Lindley H. Osborne (December 22 1833-May 2 1920) was a farmer who was born and lived and North Weare, NH. He married Lucy P. Thorndike of Weare (1835-1919) in 1863. Their sons were Charles H., Henry T., and Alfred. Lindley Osborne was an educated individual who served on the board of (and perhaps attended) the Hopkinton Academy.

Charles H. Osborne (September 29 1865 – 27 December 1923 Weare, NH) was the son of farmer Lindley H. Osborne, (1833-1920). Charles attended Haverford College in Haverford, Pennsylvania, graduating as a teacher in 1893 at the beginning of his diaries. He eventually moved back to East Weare and lived the rest of his life there.

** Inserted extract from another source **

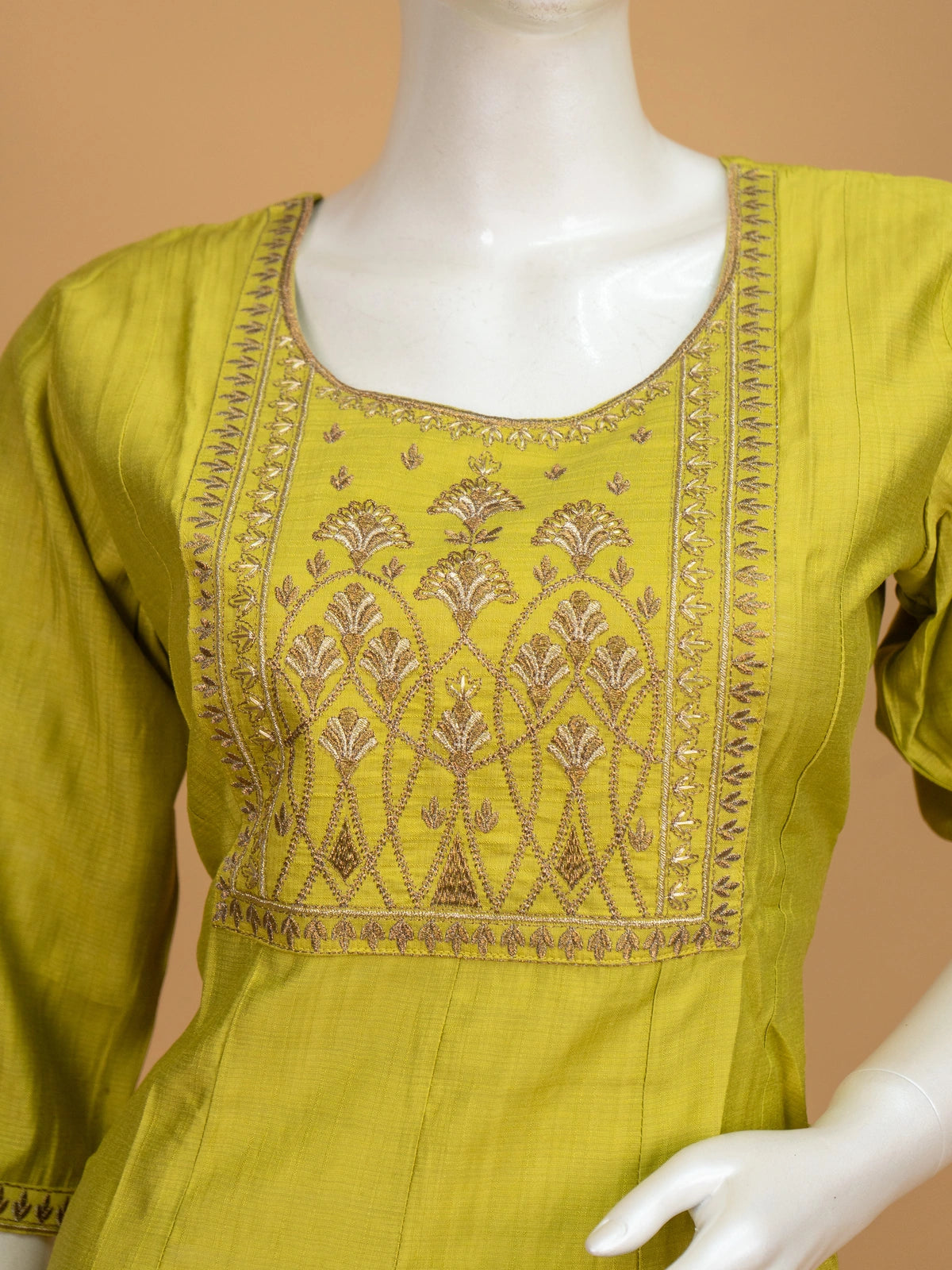 Lime green Zari embroidered art silk Anarkali kurti top with gold floral yoke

About the Osborne Family Papers, 1816-1899

The Osborne Family Papers consist of the personal, financial, and agricultural records of three generations of one Quaker family living in Weare, NH. Included are seven pocket diaries and one account book with several loose sheets of paper laid into its pages. The combination of all the chronologically overlapping materials gives a very detailed view of the daily life of one educated family and their neighbors in 19th century rural New Hampshire. National events (such as the assassination of Lincoln) are also included.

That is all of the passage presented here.